Production Embedding Pipeline

from sentence_transformers import SentenceTransformer
import numpy as np
import time

class EmbeddingPipeline:
    """Production-ready embedding pipeline"""

    def __init__(self, model_name: str = "BAAI/bge-m3"):
        self.model = SentenceTransformer(model_name)
        self.model_name = model_name
        self.is_bge = "bge" in model_name.lower()
        self.is_e5 = "e5" in model_name.lower()

    def embed_documents(self, texts: list, batch_size: int = 32) -> np.ndarray:
        """Batch embed documents for indexing"""
        all_embeddings = []

        for i in range(0, len(texts), batch_size):
            batch = texts[i:i + batch_size]

            # Model-specific prefixes matter for quality
            if self.is_bge:
                batch = [f"passage: {t}" for t in batch]

            embeddings = self.model.encode(
                batch,
                normalize_embeddings=True,
                show_progress_bar=False
            )
            all_embeddings.append(embeddings)
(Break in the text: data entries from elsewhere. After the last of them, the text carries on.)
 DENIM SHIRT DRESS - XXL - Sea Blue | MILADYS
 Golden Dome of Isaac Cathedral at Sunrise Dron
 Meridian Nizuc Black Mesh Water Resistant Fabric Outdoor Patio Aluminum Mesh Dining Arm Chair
        return np.vstack(all_embeddings)

    def embed_query(self, query: str) -> np.ndarray:
        """Embed a single query for search"""
        if self.is_bge:
            query = f"query: {query}"
        elif self.is_e5:
            query = f"Instruct: Retrieve relevant passages\nQuery: {query}"
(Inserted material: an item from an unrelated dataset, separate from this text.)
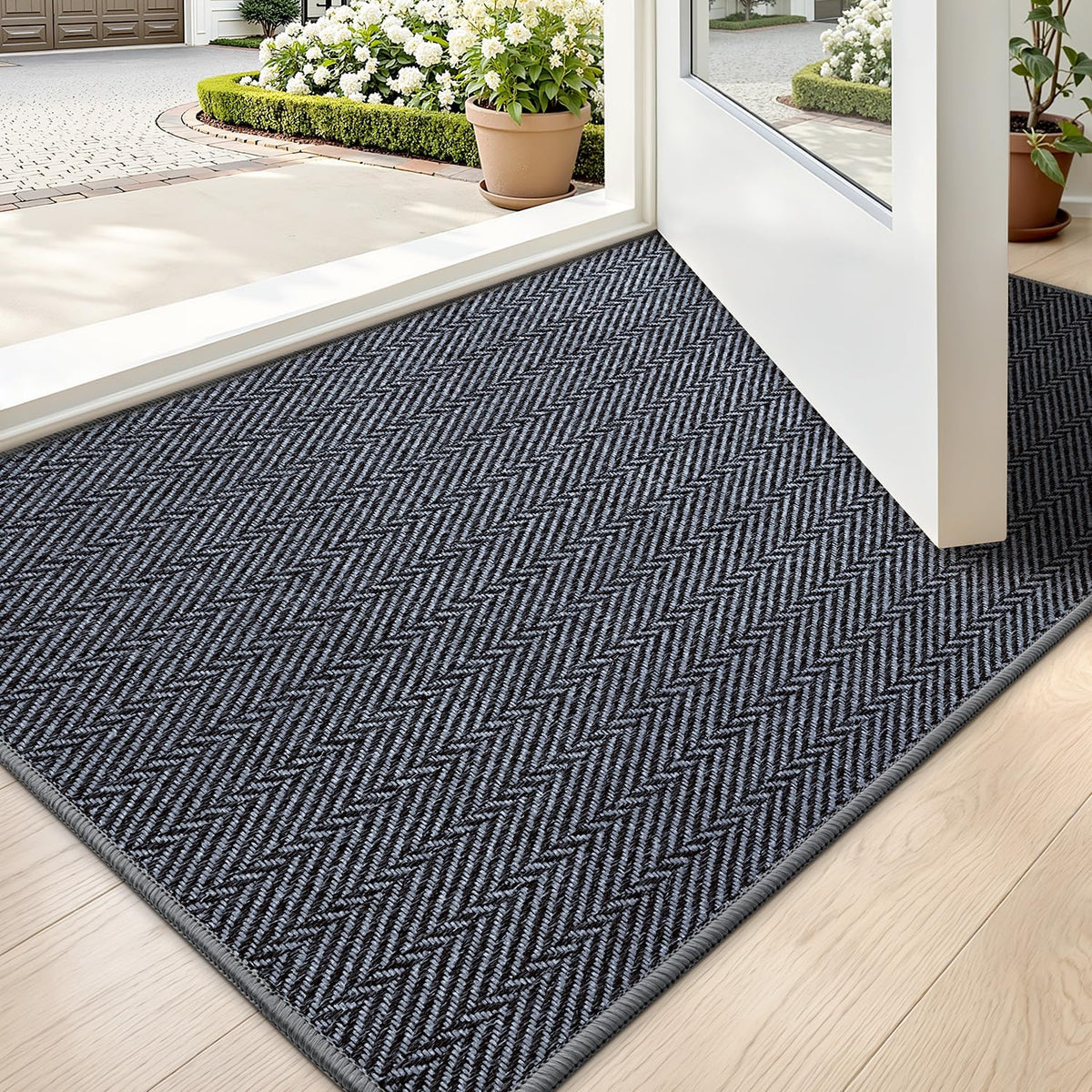 LUMI Ultra Thin Indoor Door Mat 24"x36", Entrance Doormat, Beige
        return self.model.encode(query, normalize_embeddings=True)

    def search(self, query: str, doc_embeddings: np.ndarray,
               documents: list, top_k: int = 5) -> list:
        """Semantic search over pre-computed document embeddings"""
        query_emb = self.embed_query(query)
        scores = np.dot(doc_embeddings, query_emb)
        top_indices = np.argsort(scores)[::-1][:top_k]

        return [
            {"document": documents[i], "score": float(scores[i])}
            for i in top_indices
        ]

# Usage
pipeline = EmbeddingPipeline("BAAI/bge-m3")

docs = [
    "RAG combines retrieval with language model generation",
    "Embeddings map text to dense vector representations",
    "Vector databases support approximate nearest neighbor search",
    "Prompt engineering optimizes LLM outputs"
]

# Index documents
doc_embeddings = pipeline.embed_documents(docs)

# Search
results = pipeline.search(
    "how do vector databases work?",
    doc_embeddings,
    docs,
    top_k=2
)
for r in results:
    print(f"Score: {r['score']:.3f} | {r['document']}")

Quick Decision Summary

Starting immediately: text-embedding-3-small — easiest, sufficient for most cases, $0.02/1M tokens.

Korean or Japanese is important: BGE-M3 (self-hosted) or Cohere embed-multilingual-v3.0.

Cost is the top constraint: Self-hosted BGE-M3 or nomic-embed-text-v1.5 — dramatically cheaper at scale.

Maximum quality needed: E5-mistral-7b-instruct — best open-source quality, but requires 16GB+ GPU.

Data privacy is non-negotiable: No commercial APIs. Self-hosted only.

One critical note: switching embedding models requires re-indexing your entire document store. Evaluate thoroughly before committing — changing models mid-project is expensive.